10. Limitation of Remedies: EWA's maximum liability for any claim by you or anyone claiming through or on behalf of 
you arising out of this Agreement shall not in any event exceed the actual amount paid by you for the license to the Software. 
TO THE MAXIMUM EXTENT PERMITTED BY APPLICABLE LAW, EWA SHALL NOT BE LIABLE FOR THE LOSS 
OF REVENUE OR PROFITS, EXPENSE OR INCONVENIENCE, OR FOR ANY OTHER DIRECT, INDIRECT, 
SPECIAL, INCIDENTAL, EXEMPLARY OR CONSEQUENTIAL DAMAGES, ARISING OUT OF THIS AGREEMENT 
OR CAUSED BY THE USE, MISUSE OR INABILITY TO USE THE SOFTWARE, EVEN IF EWA HAS BEEN 
ADVISED OF THE POSSIBILITY OF SUCH DAMAGES. THIS LIMITED WARRANTY SHALL NOT EXTEND TO 
ANYONE OTHER THAN THE ORIGINAL USER OF THE SOFTWARE. SOME JURISDICTIONS DO NOT ALLOW 
THE EXCLUSION OR LIMITATION OR INCIDENTAL OR CONSEQUENTIAL DAMAGES, SO THE ABOVE 
LIMITATION OR EXCLUSION MAY NOT APPLY TO YOU.

11. Support: EWA will provide technical support free of charge to the User for a period of thirty (30) days from the User's 
receipt of the Software (the "Support Period"); such support will be provided solely via telephone and/or electronic mail 
during EWA's normal business hours.

12. Governing Law: This Agreement shall be governed by the laws of the Commonwealth of Virginia, U.S.A., exclusive of 
its choice of law principles.

13. General Provisions: If any provision of this Agreement is held to be void, invalid, unenforceable or illegal, the other 
provisions shall continue in full force and effect. Failure of a party to enforce any provision of this Agreement shall not 
constitute or be construed as a waiver of such provision or of the right to enforce such provision. If any legal action, 
including arbitration, arises under this agreement or by any reason of any asserted breach of this Agreement, the prevailing 
party shall be entitled to recover all costs and expenses, including reasonable attorneys' fees, incurred as a result of such legal 
action.

14. Export: You agree to comply fully with all laws and regulations of the United States and other countries ("Export 
Laws") to assure that neither the Software nor its accompanying materials are (1) exported or imported, directly or indirectly, 
in violation of Export Laws, or (2) used for any purpose prohibited by Export Laws.

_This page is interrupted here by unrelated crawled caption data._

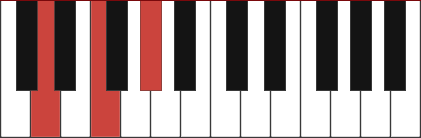 Ddim chord diagram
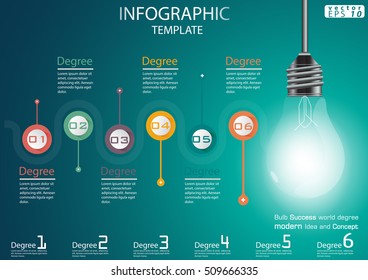 Business Bulb degree Success design modern Idea and Concept Vector illustration Infographic template 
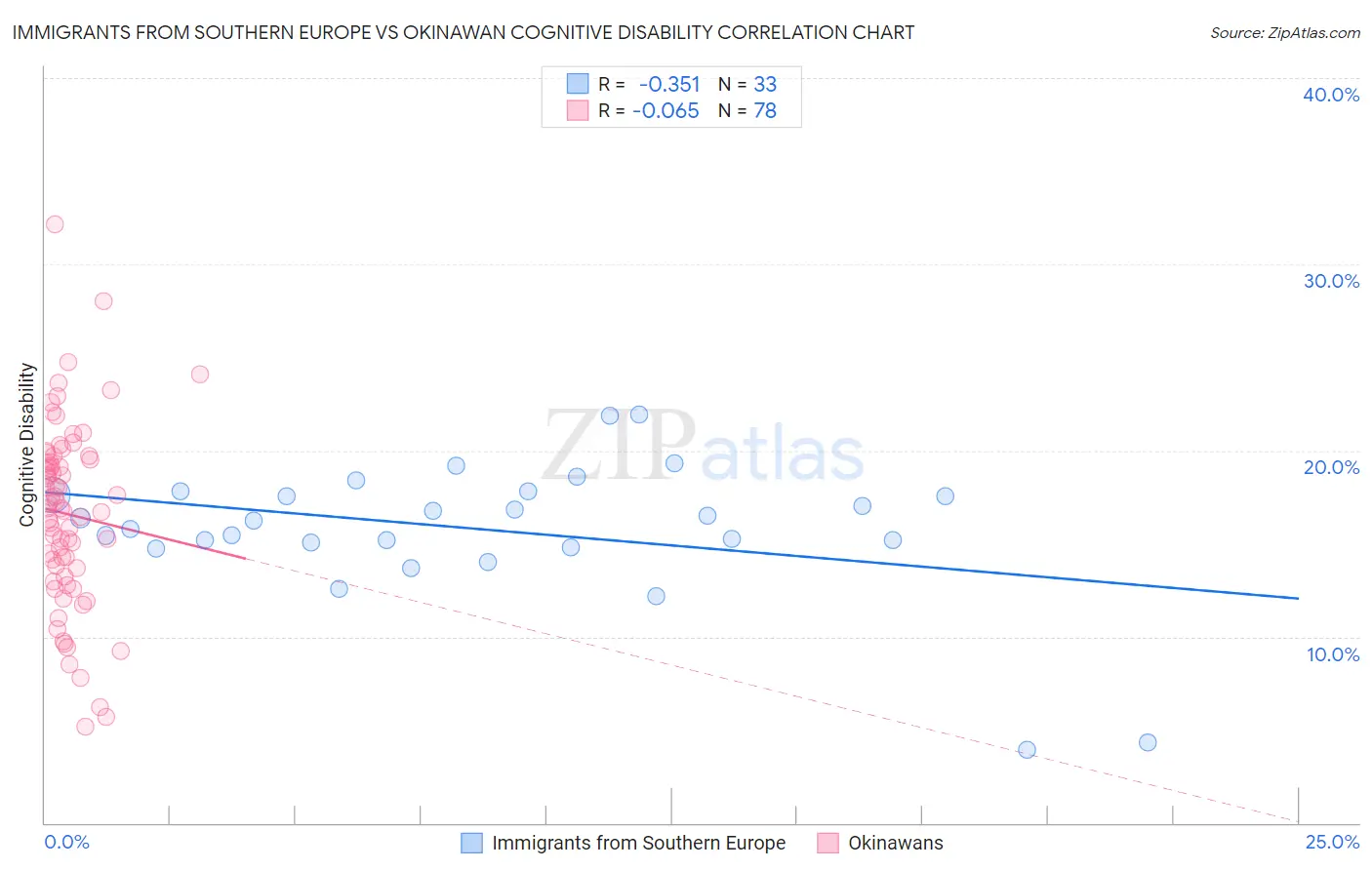 Immigrants from Southern Europe vs Okinawan Cognitive Disability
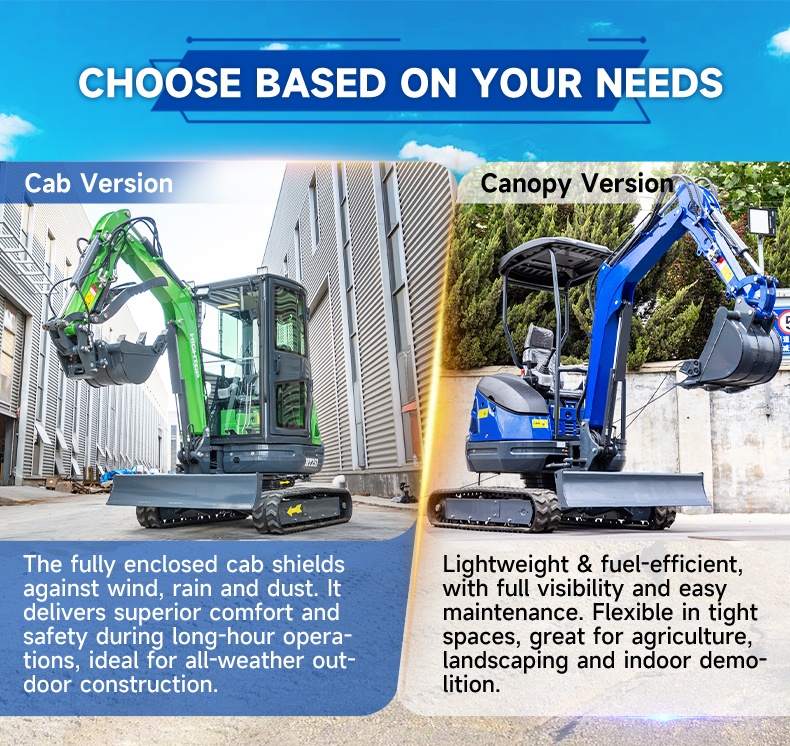 HT25J Mini Excavator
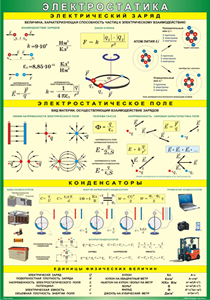 Таблица "Электростатика" (100х140 сантиметров, винил) - fgospostavki.ru - Ейск
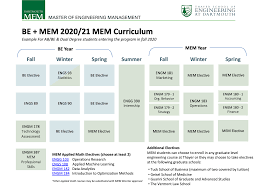 There are four key elements to a successful statement of purpose: Dartmouth Mem Program Options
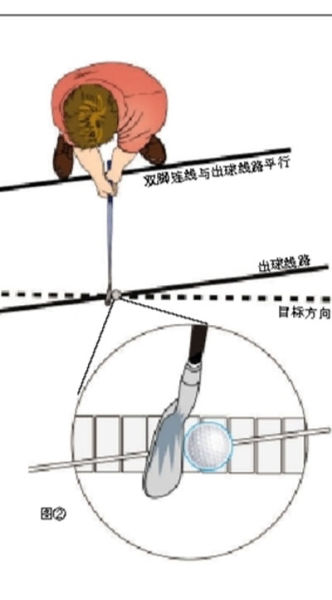 必须确定你的出球线路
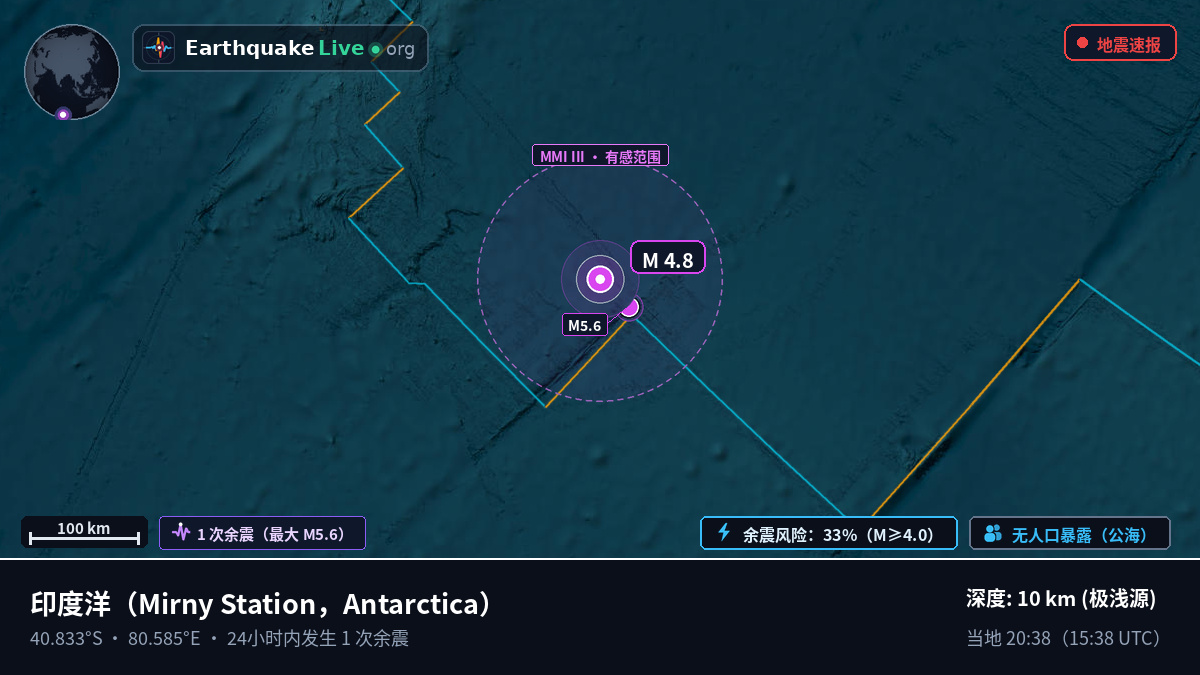 印度洋 (Antarctica)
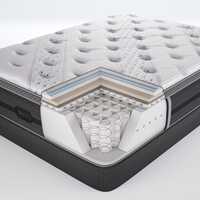 Pocket Spring Mattress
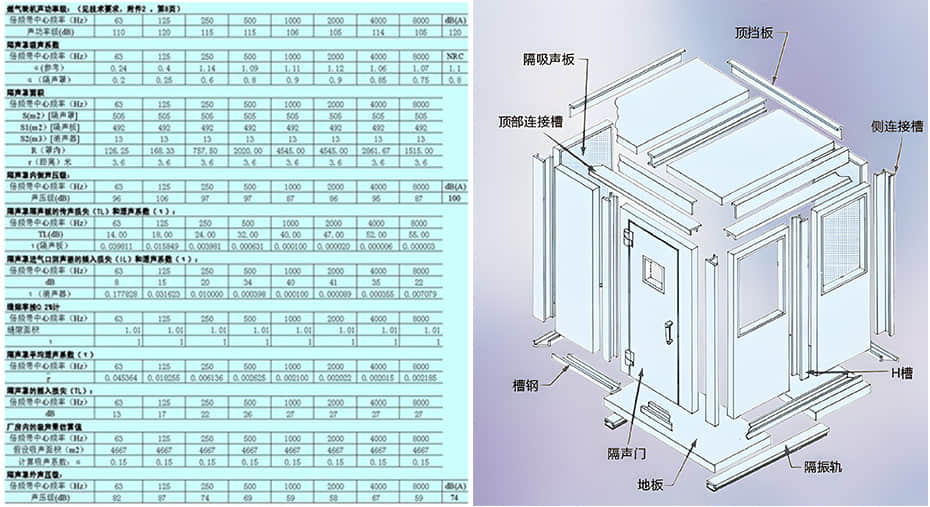 HKS-F80型冲床隔音房组装及声学计算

15. U.S. Government Restricted Rights: The Software and accompanying materials are provided with RESTRICTED 
RIGHTS. Use, duplication or disclosure by the government is subject to restrictions as set forth in the Commercial Computer 
Software Restricted Rights clause at FAR 52.227-19 subdivision (c)(1) and (2), as applicable.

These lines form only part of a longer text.